Let’s see what we have here… Total cost of selling and moving: $22,250 (a conservative estimate). That’s 9% of the property’s likely sale value.

My house is paid for. To avoid a mortgage, I’d have to use the net on the house sale to buy the new place. But that place will have to cost about $25,000 less than I can get for this one. Let’s imagine that for $250,000 I could find something I’d want to live in, located in a safe, middle-class area that is NOT a retirement tract like Sun City. I’ve but begun to pay…

Buyer’s closing costs and moving cost for a house purchased in cash go like this:

Close of escrow: $250
Title insurance: $1350
House inspection fees: $200 to $400
Recording fees for deed: $50
Title company closing fee: $400
Property transfer tax: up to $1,000
Attorney fee: $500
HOA transfer fee: $300 to $400 (n/a in my part of town, thank goodness)
Moving fee: $2,000

Total cost of buying the smaller house: $3,550.

Most places I’d want to live in cost upwards of $300,000 these days. That would require me to take out a mortgage. So to the ~$3550 in buyer’s closing costs, we can add the exorbitant cost of taking out a mortgage. To get into a $300,000 patio home I’d have to come up with at least $50,000, assuming I put down everything I net from my home’s sale. It’s unlikely that I could get a mortgage for a sum that small, but let’s pretend…

Lender discount points, about 1%: $500
Loan application fee: $500
Credit report fee: $85
Loan processing fee: $75 to $400
Document preparation fee: $50 to $250
Property appraisal: $400
Prepaid loan interest: Heaven only knows!
Insurance escrow: about $150
Tax escrow: about $1500

I’m not including flood insurance or a flood certification fee because you couldn’t pay me to buy in a flood zone. So the upfront cost of taking out a small mortgage would come to $3,785 — and that doesn’t count the cost of 15 to 30 years of interest payments. So… Cost of buying a smaller house in a more desirable part of the Valley, with loan: $3,550 + $3,785 = $7,335.

Cost of selling present home + moving van and workmen + buying a lesser house in cash: $27,800 – 28,150.
Cost of selling present home + moving van and workmen + buying a smaller house in a safer part of town: $35135 – 35,485.

Y’know… You could pay for a lot of lawn service and cleaning-lady visits for $35,485.

So let’s say you hire a cleaning lady because you’re feeling too frail to scrub, scour, vacuum, mop, and dust — I believe La Maya pays her housecleaner about $80 to $100 per visit (though her house is a thousand square feet bigger than mine). Xeric landscaping costs just $85 or $100 for monthly clean-up & grooming. Cleaning lady comes in a couple of times a month; that makes her cost $160 to $200. So routine maintenance of the existing manse would come to $300/month.

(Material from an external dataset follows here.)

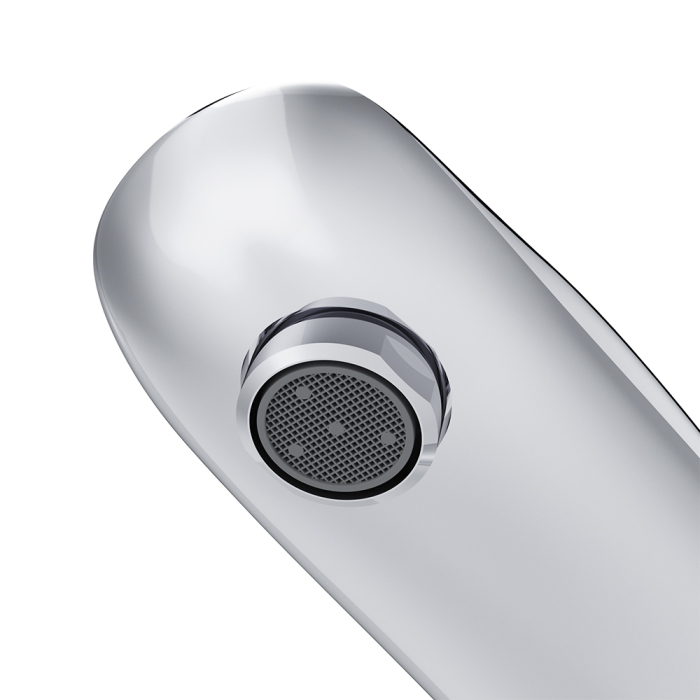 Смеситель AM.PM Bliss L F5300032 для кухонной мойки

The $35,485 it would cost you to downsize from a midsize tract house into a cottage would cover 118 months of routine house and yard maintenance, during which you would never have to raise a finger to clean or do yardwork. That’s almost ten years!

From one point of view, then, it would take around ten years to recover the cost of downsizing from a four-bedroom house on a quarter-acre lot with no neighbors sitting on top of me to a two- or three-bedroom apartment or townhouse in a rabbit warren, complete with HOA fees and politics.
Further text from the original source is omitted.